RECORDS TO USE
::::

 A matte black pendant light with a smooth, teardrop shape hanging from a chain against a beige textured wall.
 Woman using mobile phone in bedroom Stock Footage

::::

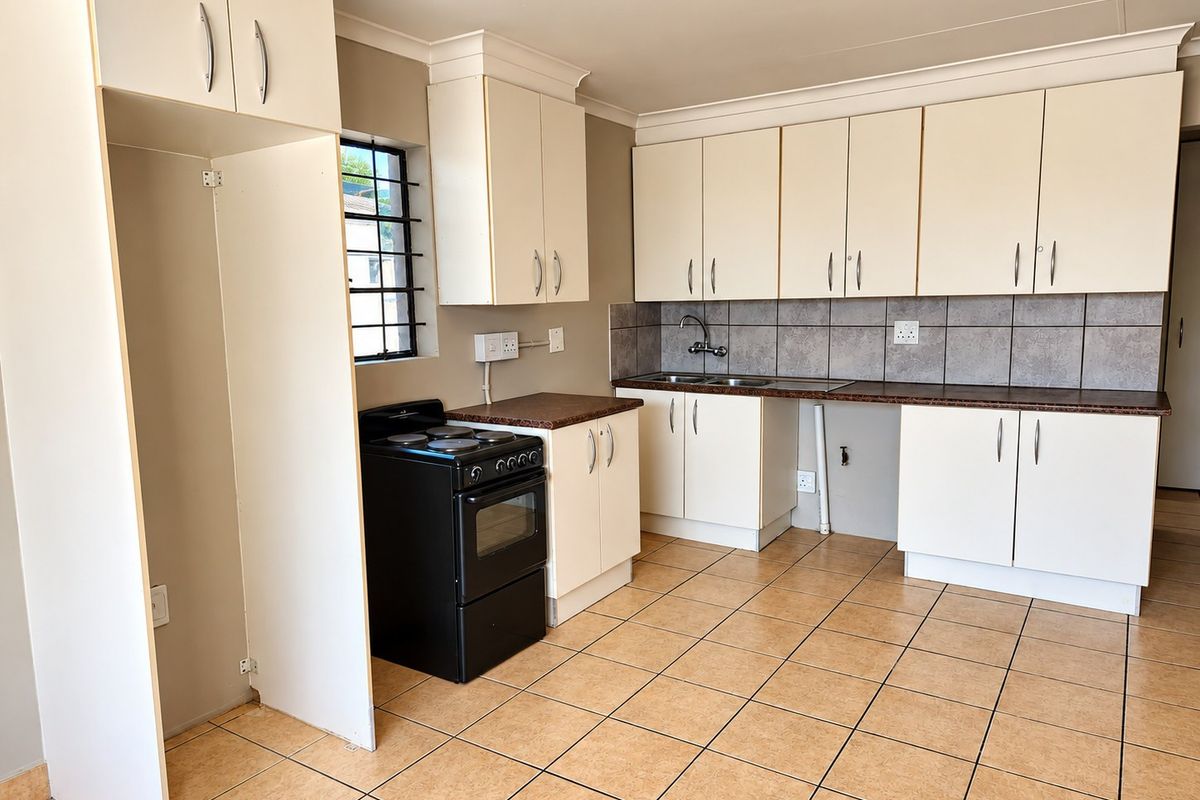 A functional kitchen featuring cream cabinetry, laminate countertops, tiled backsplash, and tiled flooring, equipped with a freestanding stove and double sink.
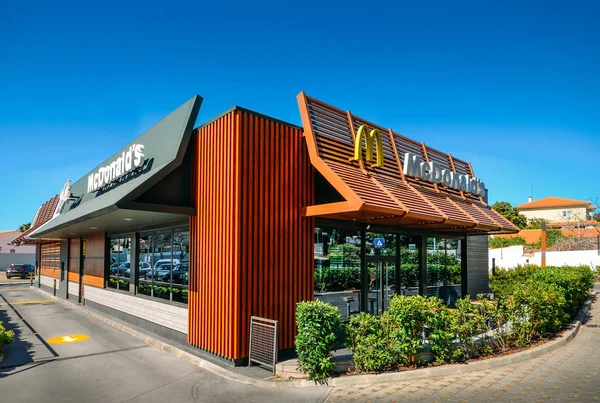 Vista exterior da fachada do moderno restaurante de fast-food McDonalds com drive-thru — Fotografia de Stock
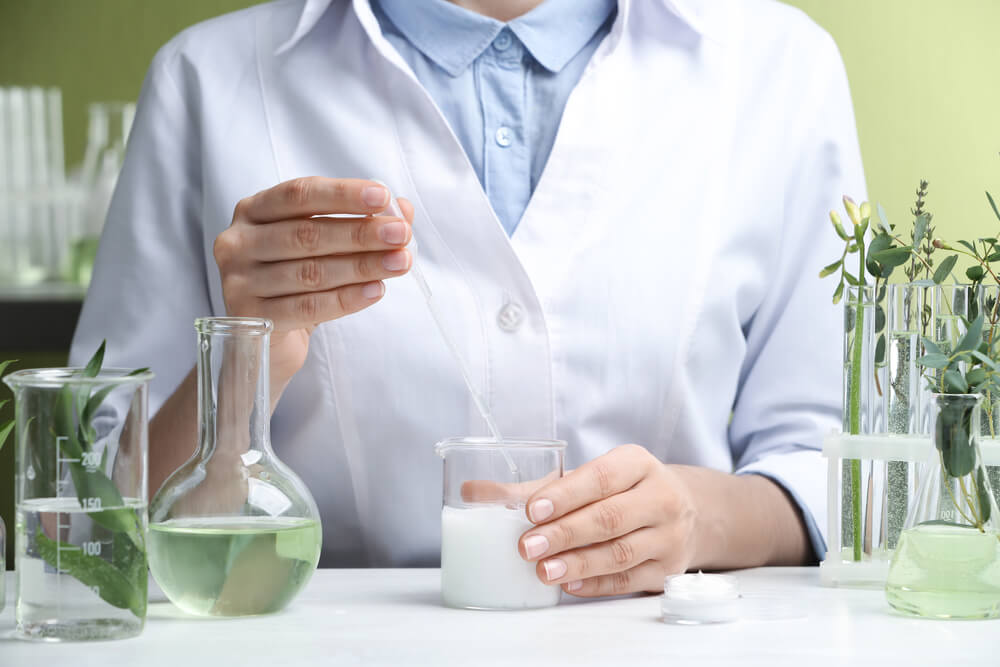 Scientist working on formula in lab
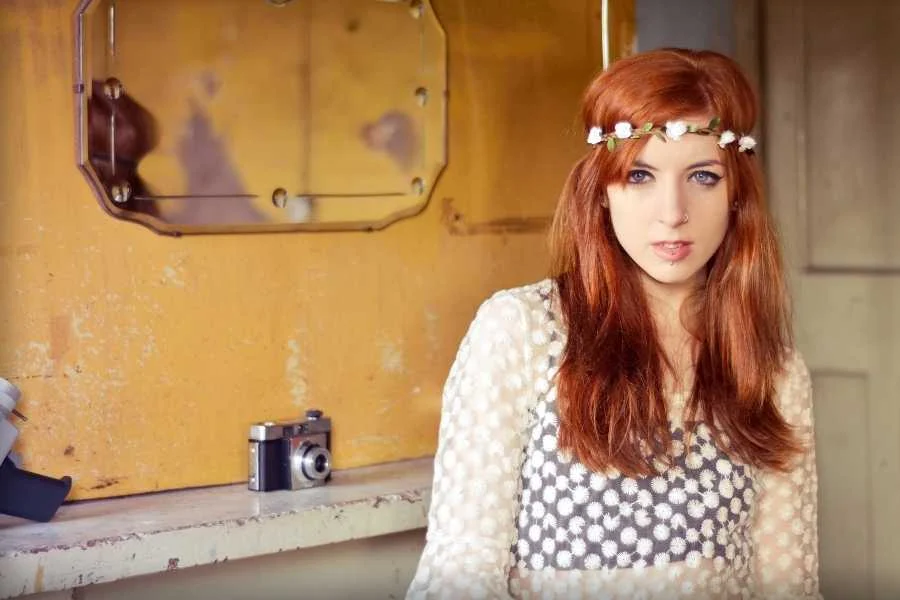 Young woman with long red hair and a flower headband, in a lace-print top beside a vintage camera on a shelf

::::

WHAT YOU HAVE TO DO
Return only the part of the records above that opens with the line containing "A matte black" and closes with the line containing "Woman using mobile", ends included.

OUTPUT FOR THIS TASK
 A matte black pendant light with a smooth, teardrop shape hanging from a chain against a beige textured wall.
 Woman using mobile phone in bedroom Stock Footage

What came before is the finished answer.